[Data section]

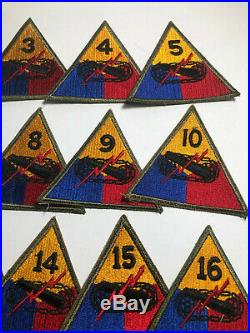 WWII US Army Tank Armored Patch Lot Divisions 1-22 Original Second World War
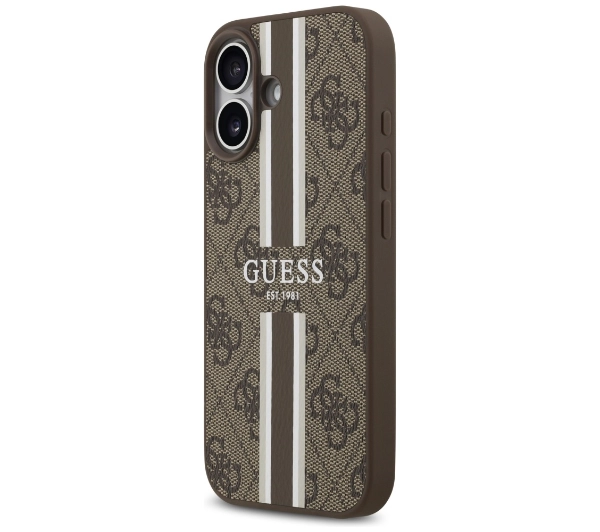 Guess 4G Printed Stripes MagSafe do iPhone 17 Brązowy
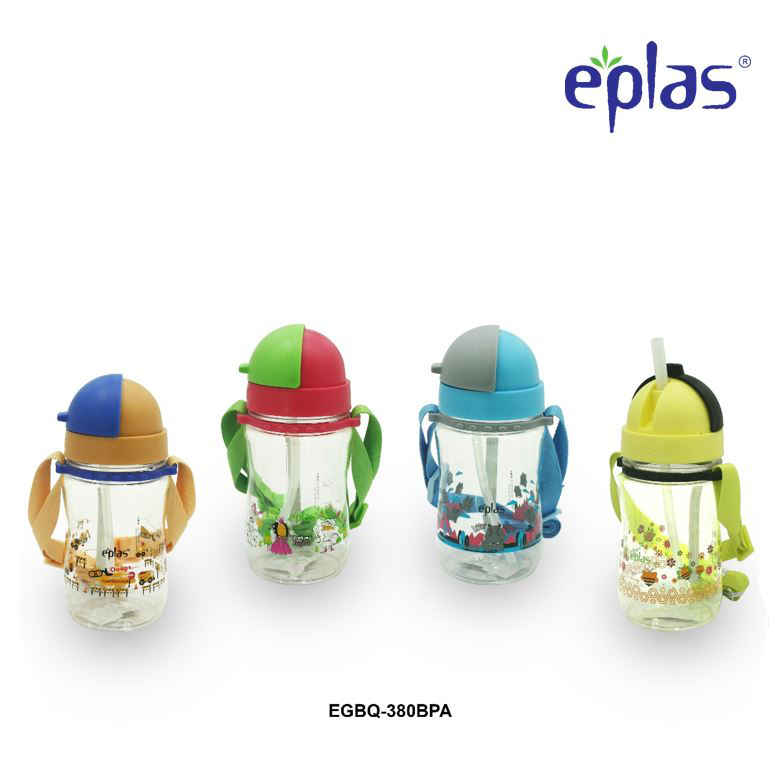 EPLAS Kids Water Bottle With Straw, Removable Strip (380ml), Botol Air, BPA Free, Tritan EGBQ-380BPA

[/Data section]

Extract, word for word, each line from the one that contains "Guess 4G Printed" through the final line of the data above. Leave the pictures out.

Exercise output ->
 Guess 4G Printed Stripes MagSafe do iPhone 17 Brązowy
 EPLAS Kids Water Bottle With Straw, Removable Strip (380ml), Botol Air, BPA Free, Tritan EGBQ-380BPA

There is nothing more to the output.